The collapse of BHS has a bitter ring to it. It would seem that noted tax dodger Philip Greed Green, who sold the company for £1 just a few months ago, left a massive hole in the companies pension fund. Keep in mind that with the firm now in administration, if its liquidated (which seems likely), it is the UK taxpayer who will bailout the BHS pension fund.
How the pension fund could be so depleted isn’t clear. Keep in mind, that even in November Phil Greed Green was reporting profits for his firm were up, although he predicted “tough trading conditions ahead”. BHS itself did make a loss in 2015, but it it is still difficult to believe the company could slide under so quickly, with him declaring a profit for the holding company year on year (i.e. taking money out…which he would not have paid any tax on). And now there’s a £571 million hole in the pension fund.
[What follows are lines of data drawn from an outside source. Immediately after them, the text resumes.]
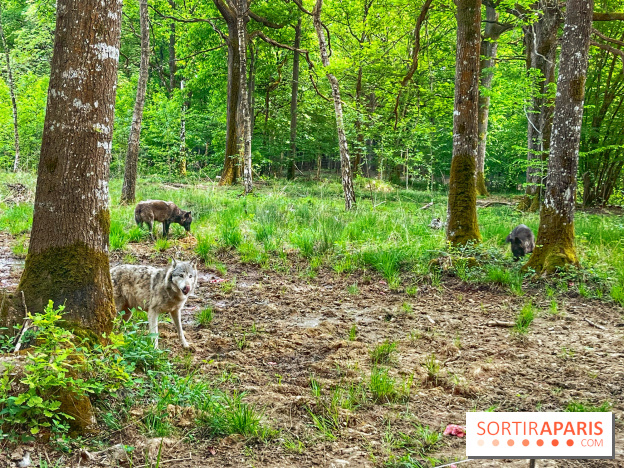 La Forêt des Loups - IMG 2127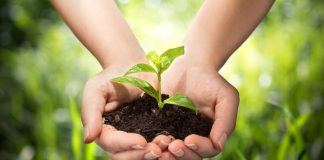 Agricultura pe înțelesul tuturor – Să ne protejăm ecologic grădina, casa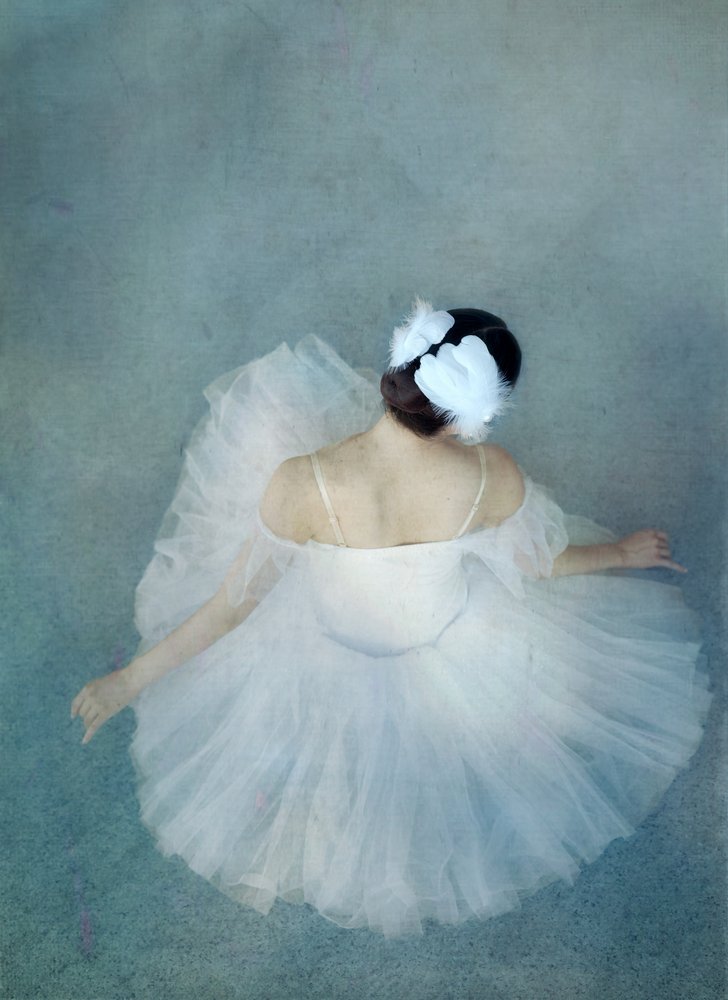 Elegant Ballerina Swan af Catherine Wang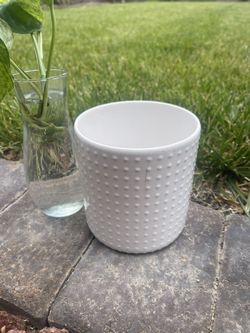 White Ceramic Pot For Plants
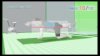 Wii Fit Screenshot 2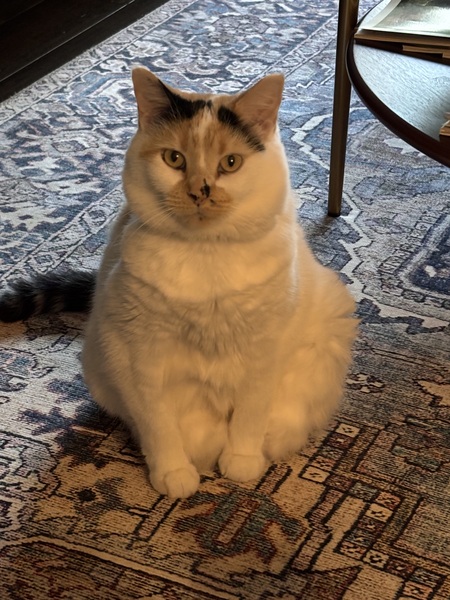 Entry image for Millie . Clicking this image will show a larger photo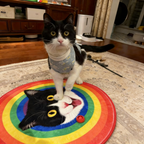 Custom Pet Illustration Rug – Personalized Hand-Drawn Pet Portrait Carpet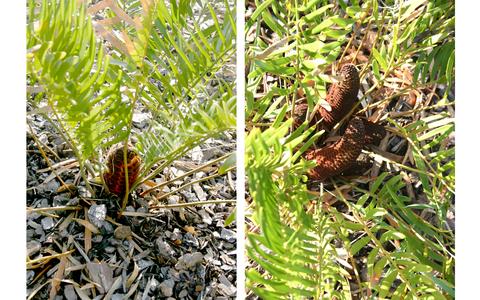 Zamia pumila - male and female plants - St. Augustine, Florida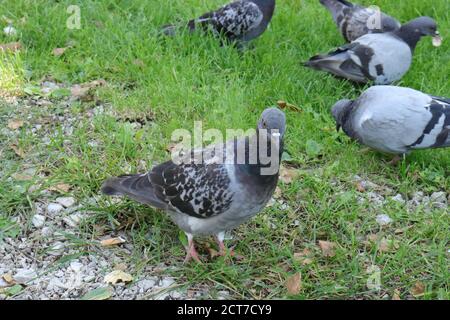 Pigeons mangeant un pain sur une pelouse verte Banque D'Images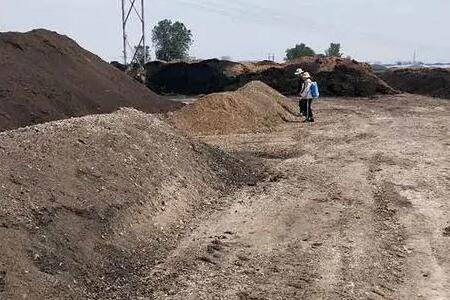鸡粪肥适合给哪些植物施肥_养鸡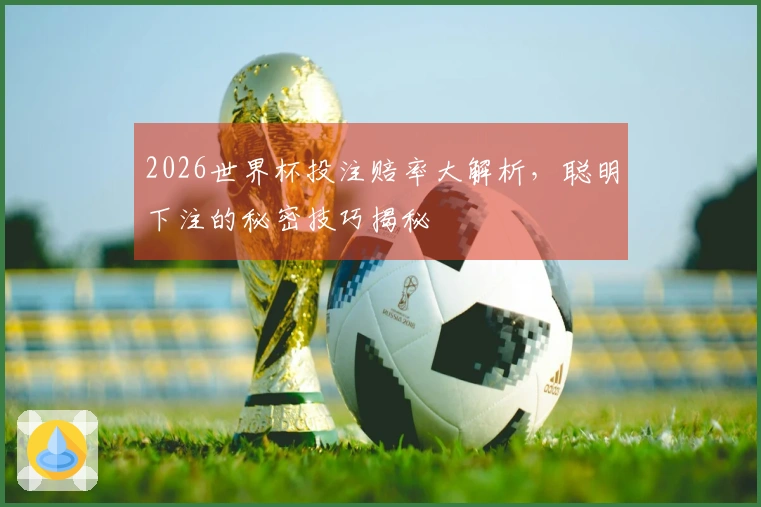 2026世界杯投注赔率大解析，聪明下注的秘密技巧揭秘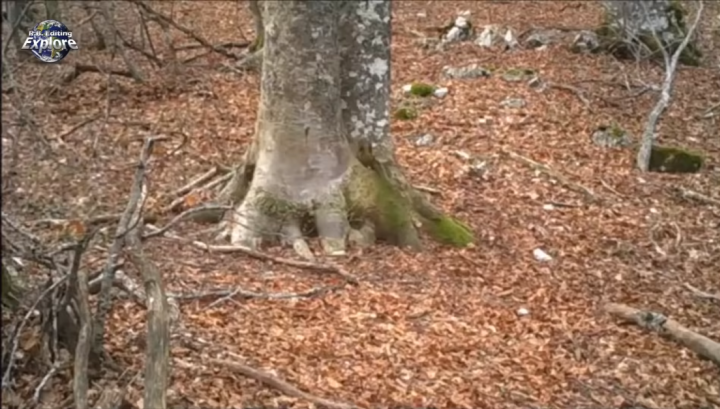 Au filmat un copac din pădure timp de un an. Ce a surprins camera e dincolo de orice închipuire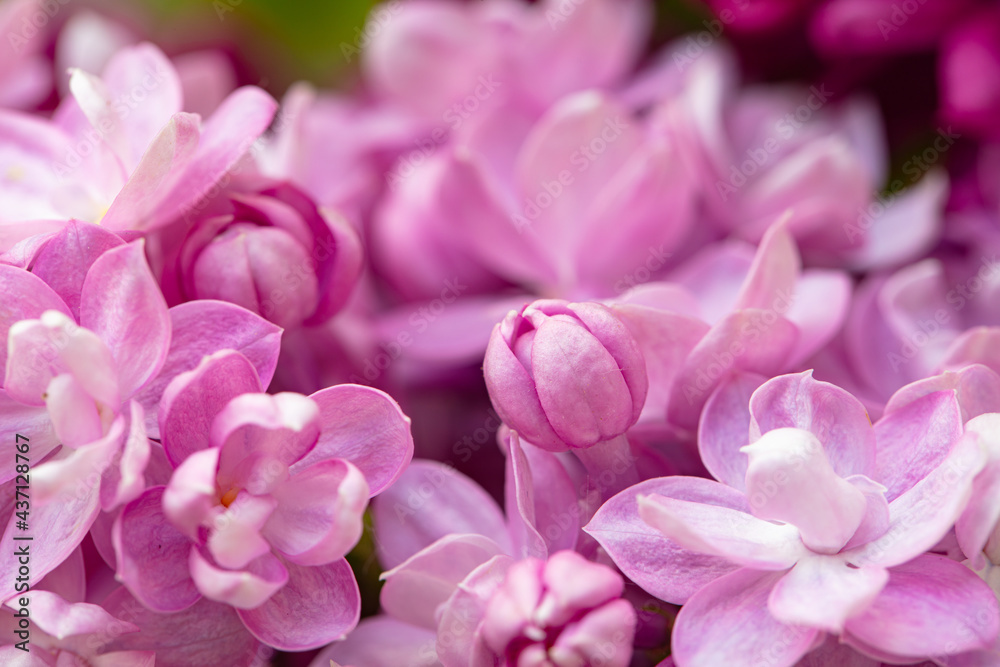 purple lilac flowers background, wallpaper purple lilac flowers background, wallpaper
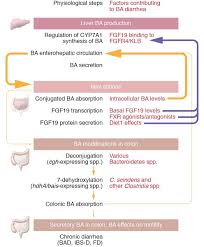 Image result for Chronic Diarrhea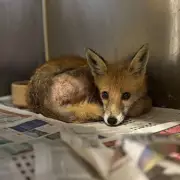 Fox Rescued After Being Trapped in Amazon Van Engine in Derby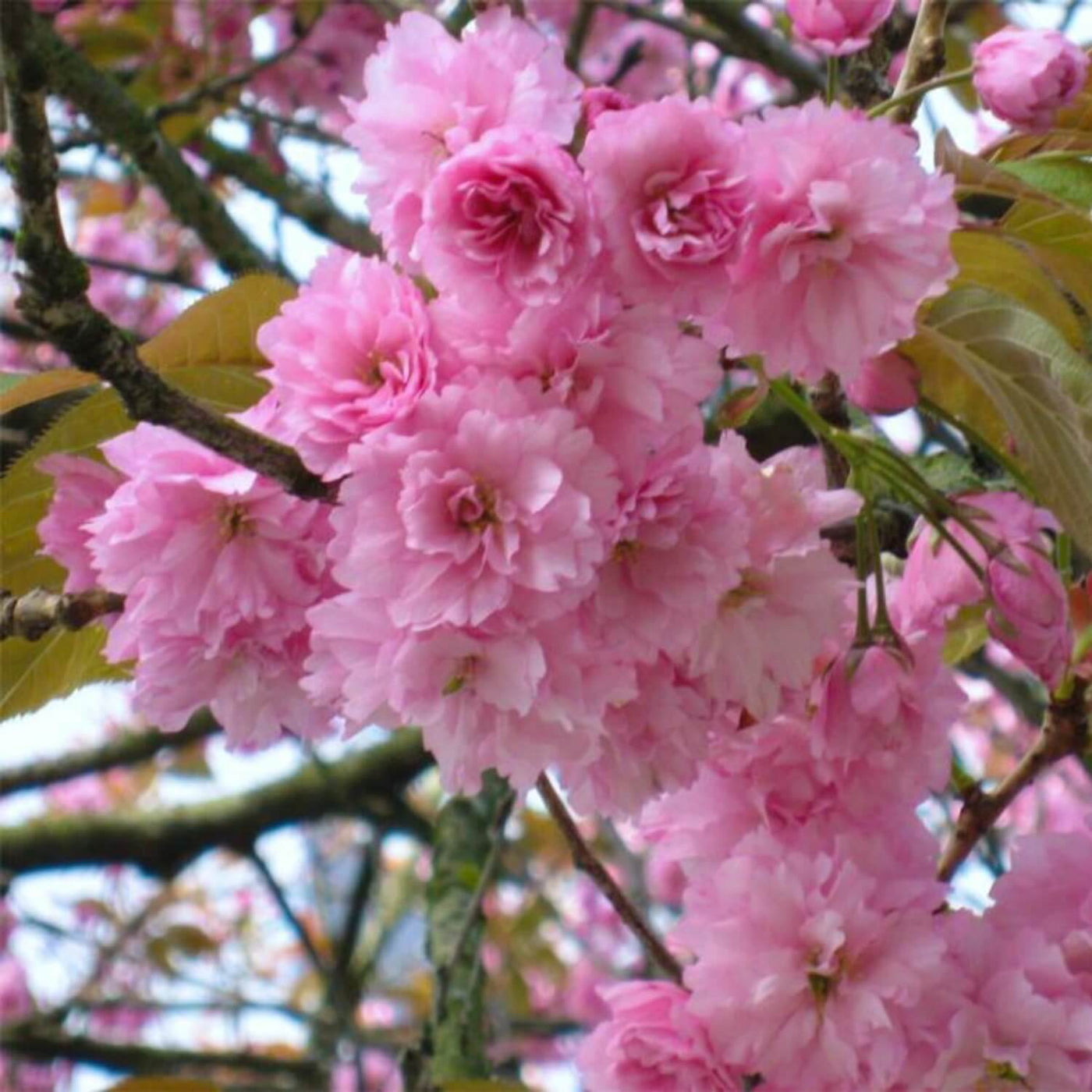 Japanese Flowering Cherry (Kwanzan) - Simple Pets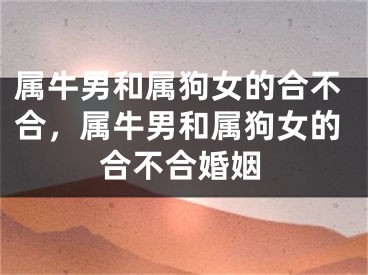 属牛男和属狗女的合不合，属牛男和属狗女的合不合婚姻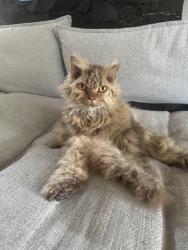 Lost Male Cat last seen Champlain heights community center. And Crowley Park, Vancouver, BC V5S 3K3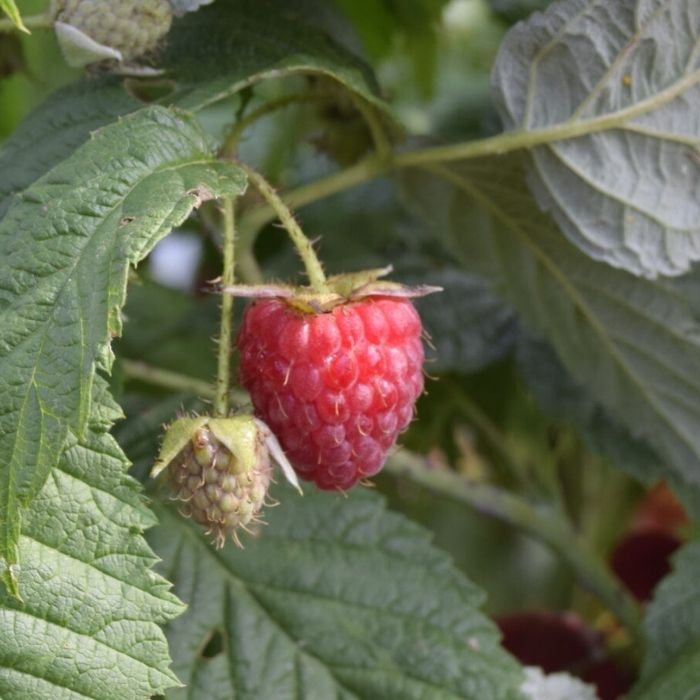 Sommerhindbær, Rubus Idae. Mormors Hallon - 5 L potte
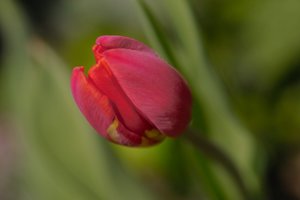 Blumen-SD10 - IMG05671.jpg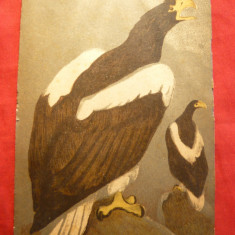Ilustrata -Litografie- Vulturi Kamceatca ,autor V.A,Vataghin , inc.sec.XX Rusia
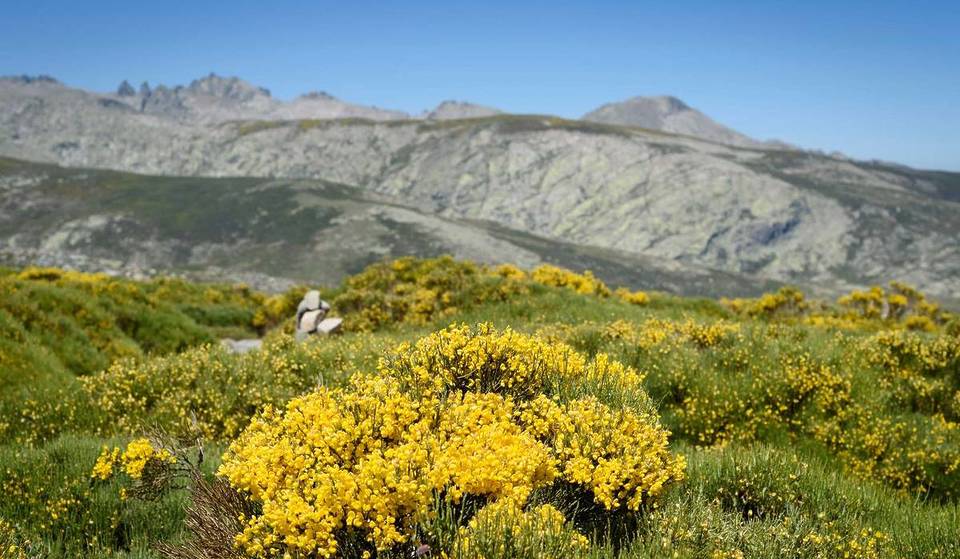 Ni cerezos ni tulipanes: la sierra española que desaparece bajo un manto amarillo de leyenda entre mayo y junio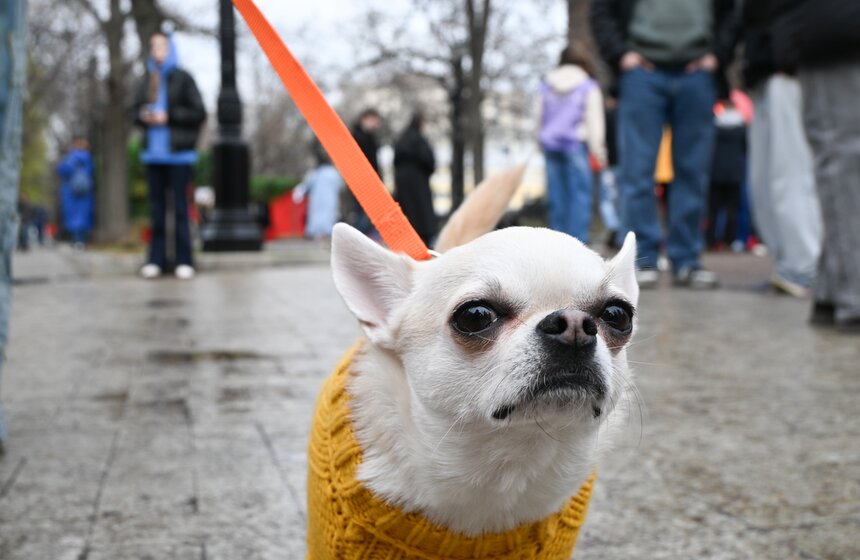 Мероприятие "Моспитомец х Четвероногий друг" состоялось на Тверском бульваре 2 фото
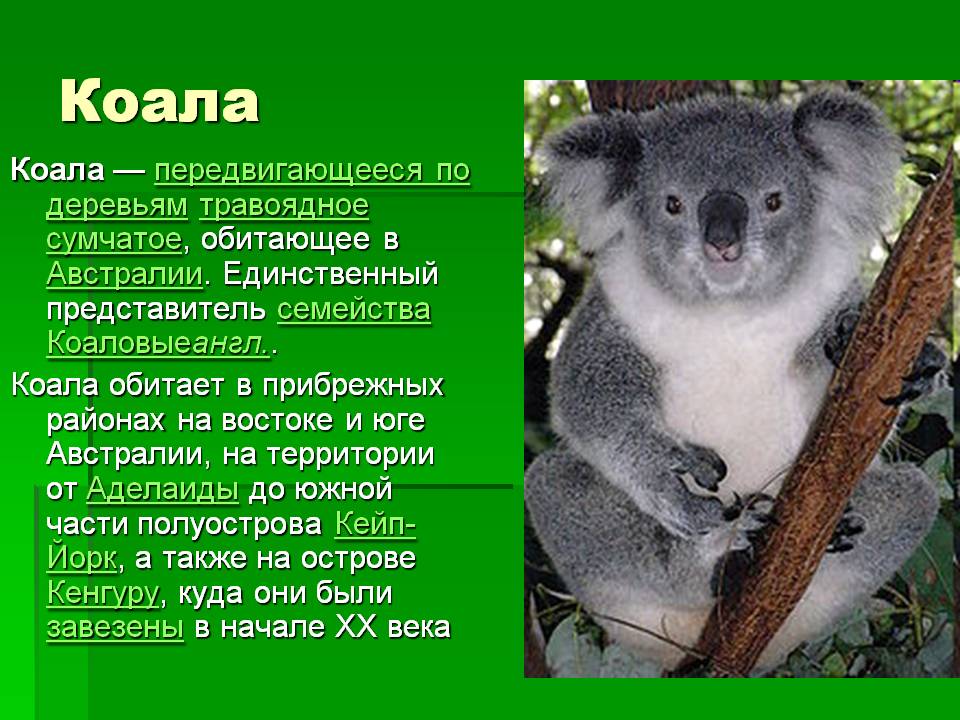 Коала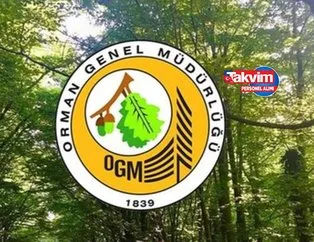 İŞKUR BAŞVURU EKRANI: Orman Genel Müdürlüğü işçi alımı başvuru şartları neler? OGM 5 bin işçi alımı başvuruları başladı mı, nasıl başvuru yapılır?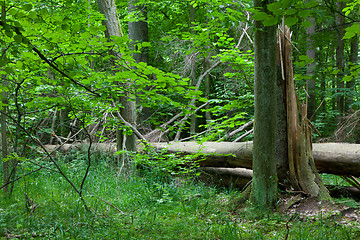 Image showing Old broken spruce in summertime forest stand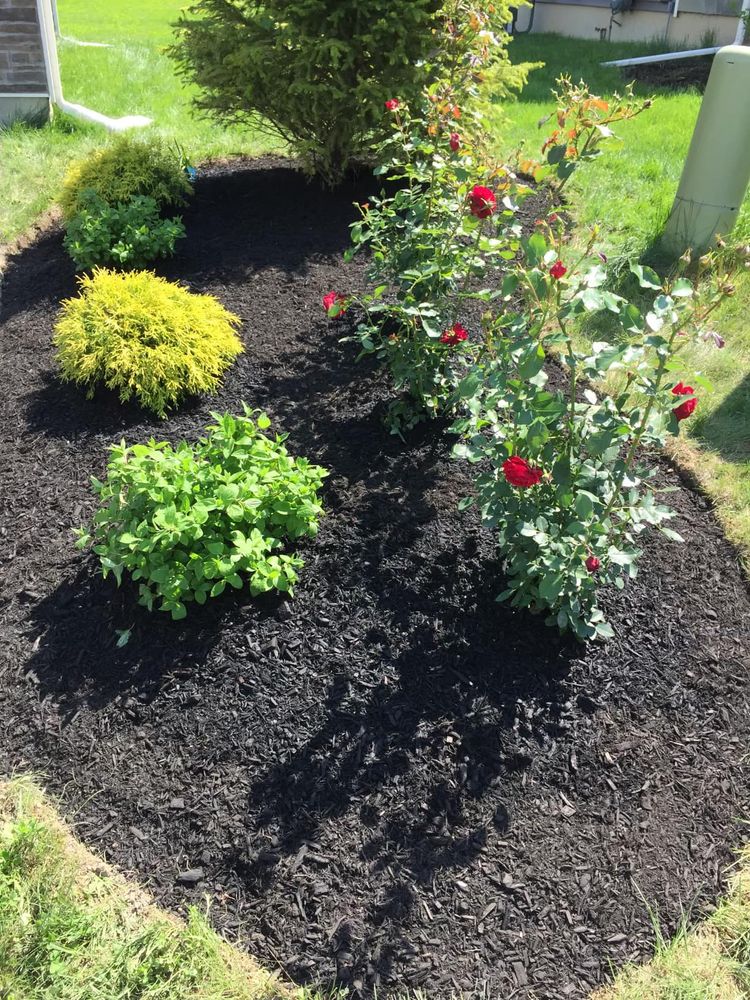 Our Landscape Design service transforms your vision into a beautiful, functional outdoor space with customized layouts, plant selections, and hardscape features that enhance curb appeal, lifestyle, and long-term property value. for HVQ Landscaping in Albany,  NY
It does unfortunately look like he and the other shareholders ran BHS into the ground, bled it dry, didn’t even bother to pay tax on any of these profits and have now dumped the whole sorry mess on the UK tax payers. I would note that a common tactic of organised crime was to do just this, buy up a business, run it into the ground (e.g. buying up stock on credit, selling it for cash out the back door, leaving the debt on the company books), then burn it down for the insurance money. The Kray twins pulled this trick all the time. The only difference is, they didn’t quite think big enough. Its all eerily similar to the banking crisis, leading one to question, has anything really changed?
And where’s the government in all this? Are they investigating Green’s Greed tax affairs? Looking into this dodgy pension deal? You’re joking right! No Cameron saw fit to hire Phil Greed Green to advise the government on ways Whitehall departments could save money. That’s like hiring the Hatton Garden robbers as advisers in bank security.
Needless to say this raises serious questions about Cameron and Osborne’s judgement, not to mention their commitment to dealing with tax avoidance. As it would appear that they favour welfare for billionaire non-doms, yet for taxpayers or those on welfare, its cuts galore, more austerity and more pain.